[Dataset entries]
· · · · · · ·

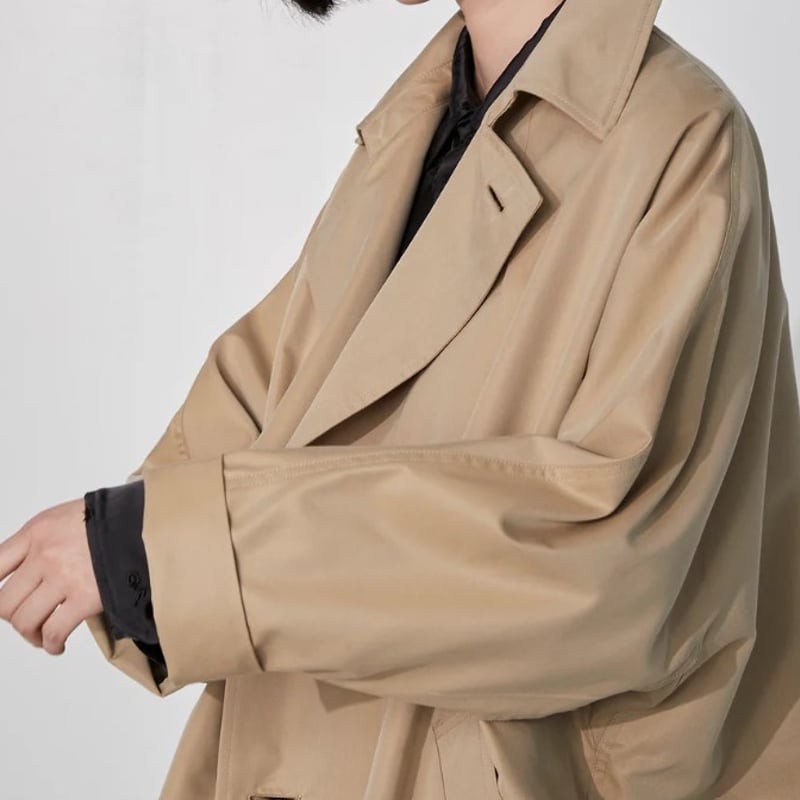 TICCA（ティッカ）』テントトレンチコート | ルルドオンライン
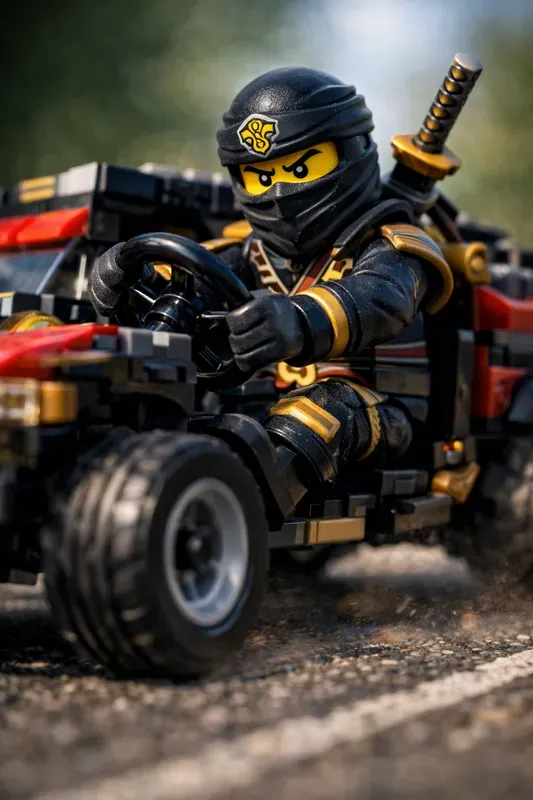 Cinematic Lego Toy Photo Pros
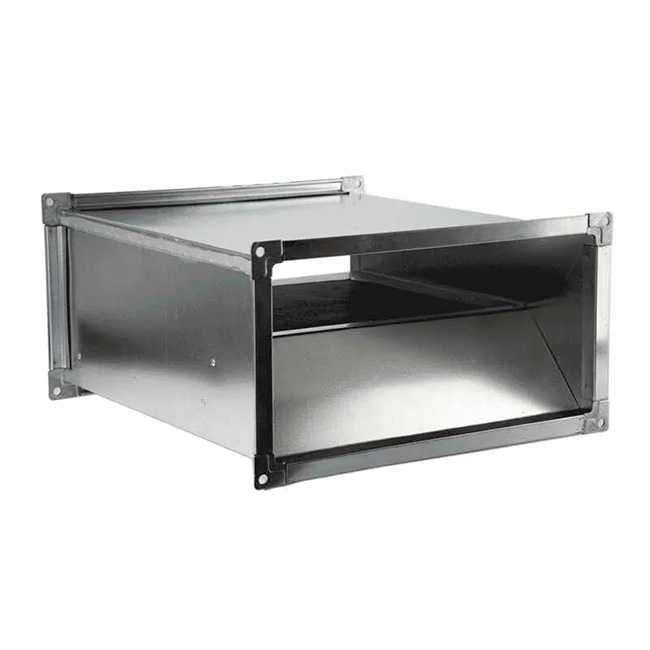 Шумоглушитель для прямоугольных вентиляторов ГПП 500х300/600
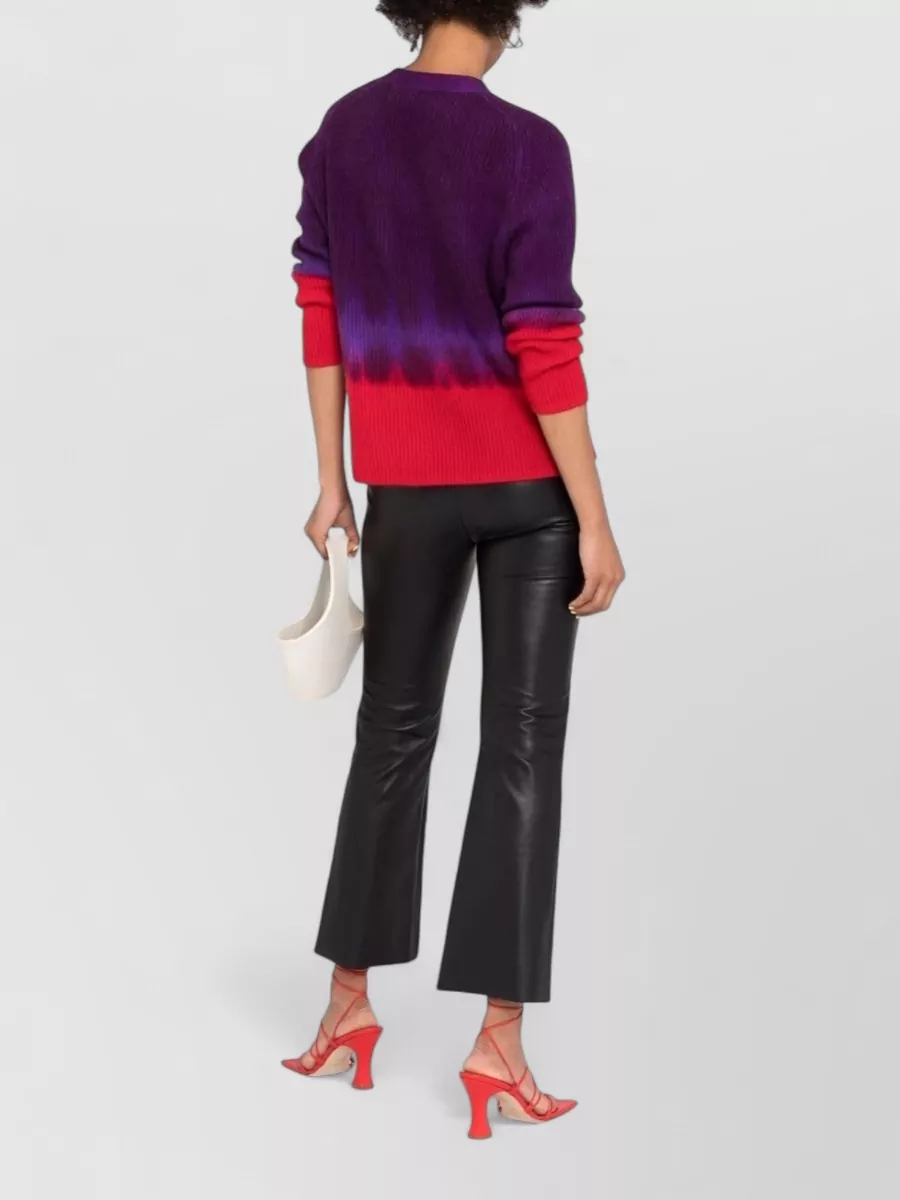 Wolford High-Rise Cropped Flared Trousers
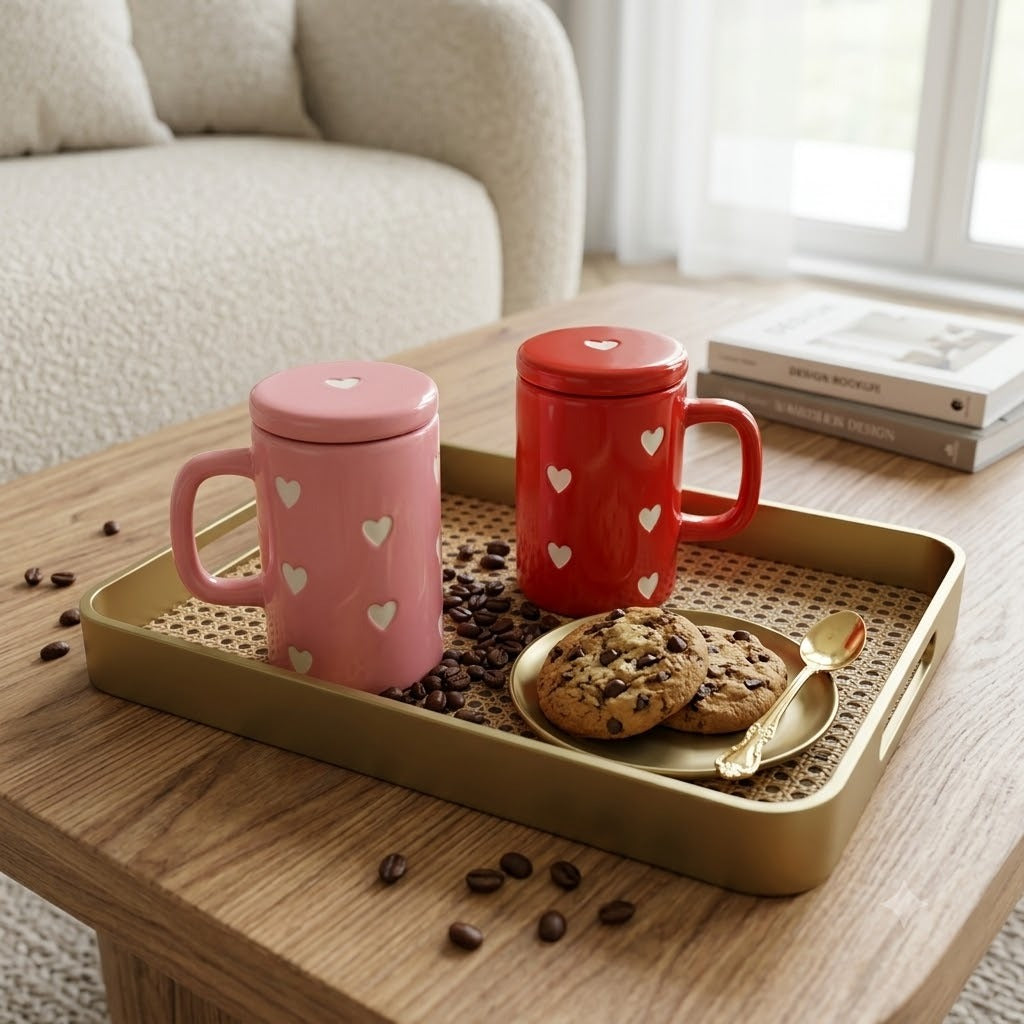 Heartloom Mug with Lid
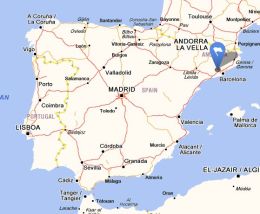 Sant llorenc dhortons map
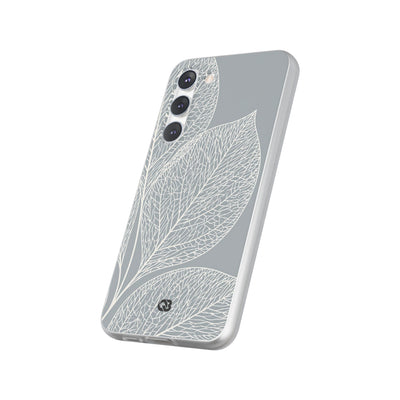 Grey Lite Phone Case for Samsung - Frosted Ash Veins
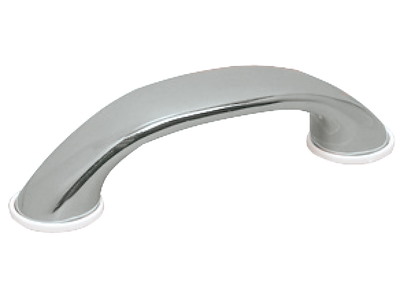 Maniglia completa di basetta in plastica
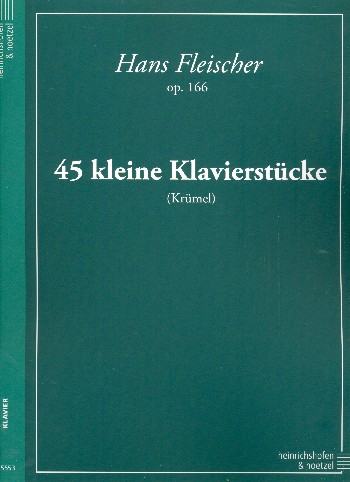 45 kleine Klavierstücke    
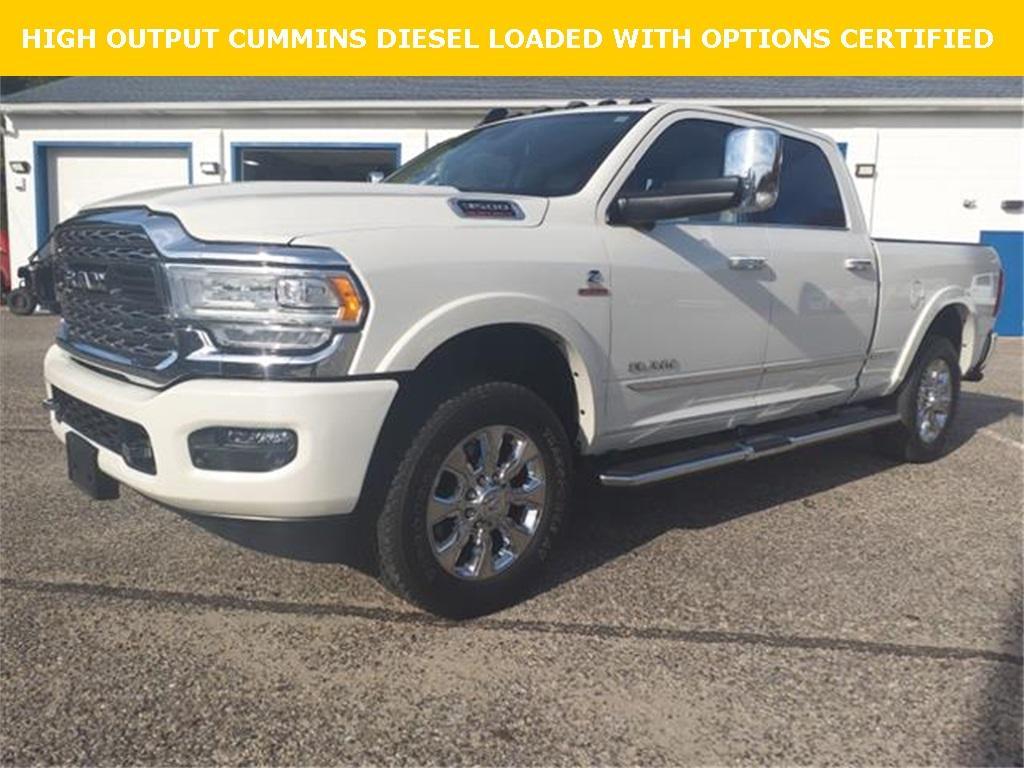 used 2022 Ram 3500 car, priced at $75,982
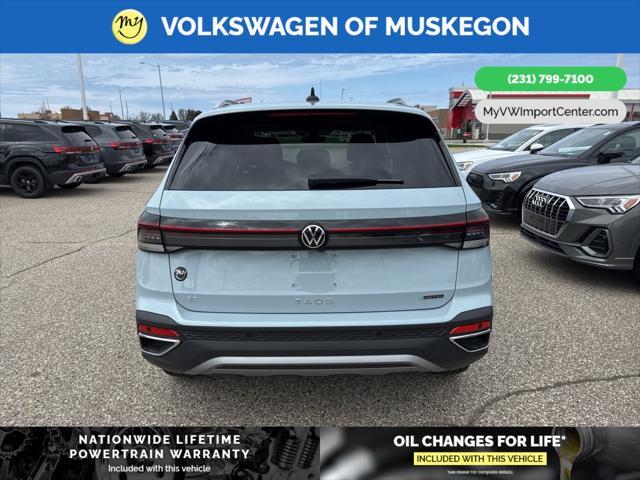 new 2025 Volkswagen Taos car, priced at $33,376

· · · · · · ·

Extract only the lines from the line containing "45 kleine Klavierstücke" through the final line of the records; keep both ends and drop every picture.

 45 kleine Klavierstücke    
 used 2022 Ram 3500 car, priced at $75,982
 new 2025 Volkswagen Taos car, priced at $33,376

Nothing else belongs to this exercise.